Venezuela President Nicolas Maduro said Saturday that his government had captured U.S. citizens involved in "espionage activities," amid heightened tensions between the two nations, according to Reuters.
"We have captured some U.S. citizens in undercover activities, espionage, trying to win over people in towns along the Venezuelan coast," he said at a rally, according to the news agency.
He also said an American pilot of Latin descent captured in the city of Tachira, near the Colombian border.
"In Tachira we captured a pilot of a U.S. plane (who is) of Latin origin (carrying) all kinds of documentation," Maduro said, according to Reuters, though he didn't offer any details on whether the individual had ties to the U.S. military or was merely a private citizen with a pilot's license.
A spokesperson at the U.S. State Department told CBS News the department was aware of the reports, but could not offer any immediate confirmation.
Relations between the two countries have been steadily deteriorating. Earlier this month, Maduro accused the U.S. of working with local opposition groups to stage a coup that involved bombing the presidential palace. Washington called the accusation ludicrous.
Also on Saturday, Venezuela released four missionaries from North Dakota who were detained several days ago. They were banned from the country for two years.
Bruce Dick, lead pastor at Bethel Evangelical Free Church in Devils Lake, North Dakota, said the three men and one woman were released Saturday morning after being in custody since Wednesday.
Dick said the missionaries were taken from Ocumare de la Costa, a small coastal town where they have been working to establish a church, to the city of Maracay. He said they were steadily questioned by authorities over the approximately three days, but couldn't say what they were questioned about.
The missionaries were treated well, Dick said, adding that they were able to keep their cellphones and send text messages and make brief phone calls to loved ones.
"They didn't fear for their lives or anything, it was just question after question," he said.
Maduro said Saturday he will limit the number of U.S. diplomats allowed to work in Venezuela and also will require U.S. citizens to apply for visas if they want to visit.
The two countries have not exchanged ambassadors since 2010. Nonetheless, they have continued to exchange diplomatic staff. On Saturday, Maduro said the U.S. has far more officials in Venezuela than his socialist government has in the U.S.
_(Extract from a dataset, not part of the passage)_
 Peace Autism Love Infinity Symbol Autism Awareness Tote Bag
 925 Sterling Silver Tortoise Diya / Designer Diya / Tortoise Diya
"They have 100 diplomats and we have 17," Maduro said.
In an address that all Venezuelan television and radio stations were required to carry, Maduro addressed President Obama directly, saying he has "arrogantly" refused to engage in talks to resolve the issues between the two countries.
"I'm very sorry, Mr. President, that you have gone down this dead end," he said.
Maduro asked that the changes regulating diplomats be implemented immediately, within the limits of the Vienna Convention on Diplomatic Relations. Among other things, U.S. diplomats will be required to seek approval from the Foreign Ministry for meetings they conduct here.
Venezuela will also start charging tourists the same visa fees the U.S. charges Venezuelans. Maduro did not specify when the changes for tourist visas would take place.
Americans have been staying away from Venezuela as crime has soared, exchange rates have become difficult to navigate and Maduro has stepped up attacks on the U.S. government. Only 36,000 U.S. citizens visited in the first nine months of 2014, about half the number that visited two years earlier, according to Venezuela Tourism Ministry data. Overall, some 950,000 foreigners visited Venezuela last year.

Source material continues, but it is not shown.